MK: I think the context in Morocco is slightly different from the one in Algeria. During the last ten years, visual art has been booming with festivals as well as art centers, galleries, and museum. Examples include the Marrakech Biennal (which ended three years ago), 1:54 Contemporary Art Fair, MACAAL, The Museum of Contemporary and Modern Art, The National Museum of Photography, Comptoir Des Mines, Le 18, l’Uzine, Galerie 127, and more. We have festivals and platforms dedicated to photography as Les Rencontres de la Photographie de Rabat, Daba Photo at Le 18, Face À la Mer, Les Rencontres Internationales de la Photographie de Fès—to name a few. Our work is widely shown in Morocco, even if I think it is not democratized as much as we would like and only a culturally-connected and educated elite is informed of and has access to our work. The one exception is the National Museum of Photography that opened in a popular neighborhood, where I have seen an audience that is not used to this kind of space which is overwhelming and encouraging.
This does not mean that everything is perfect and that we should be satisfied with what we have. The work that I do in Morocco, for example, is above all for a Moroccan audience in order to expose them to realities that may be beyond their grasp and if not to which they are visually unfamiliar. Photography can inform, humanize, and better confront microcosms to each others than many other mediums. This is what I try to do while working in Morocco. Instead of falling into miserabilism, which many people do and I know you understand what I mean. I feel it’s our role as photographers to battle, find the strength and the creativity to show that photography is important. We still have a lot to accomplish, but we are on the right path of building the future of photography in the region, with an emerging photographic scene and with very little help, if any, from the state.
In other respects, I think that our societies are still very conformist. We don't follow this linear life path that many people follow and that must surely confront people a little bit, but many youngsters are taking the risk and follow their passion. How to measure success when it is not necessarily based on a financial component is also confusing for people. The day I announced to my parents that I was going to dedicate myself entirely to photography, they were shocked and scared.
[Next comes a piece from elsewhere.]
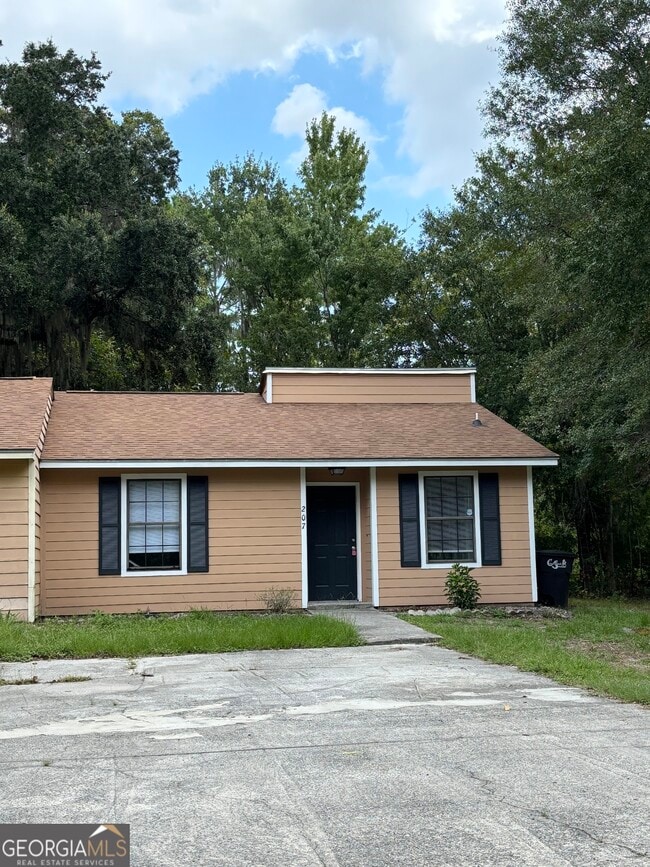 Building Photo - 207 Admiral's Walk Dr Rental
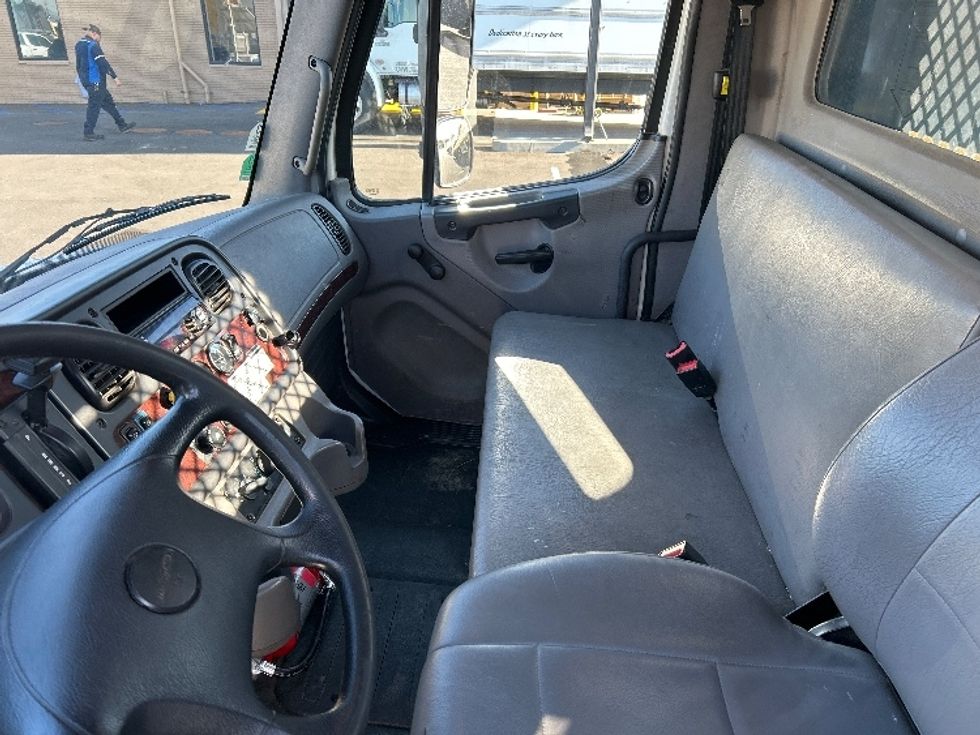 Flatbed Truck-Light and Medium Duty Trucks-Freightliner-2019-M2-Ventura-CA-162,952\n\t\tmiles-$ 61,500 - Image 18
It is a career they don’t know much about and they are not sure how I will achieve financial security in a country where few photographers and artists are able to make ends meet given the lack of support in an emerging art industry.
AS: I have been thinking for a way to end this interview, I want to avoid the “how do you see the future” kind of questions. But speaking about the future, how about we have another interview about KOZ a year from now? I think that’s the future I am interested in, the one realized with hard work.
MK: I know how naturally unconventional you are and I could not expect less from you to end this pleasant exchange. [Laugh] Otherwise, that is a fine way to gently challenge us Abdo. I'm going to get the message out to the other members of KOZ so that we can all pressure each other to work hard and have things to say to you in a year's time. That’s a rendez-vous.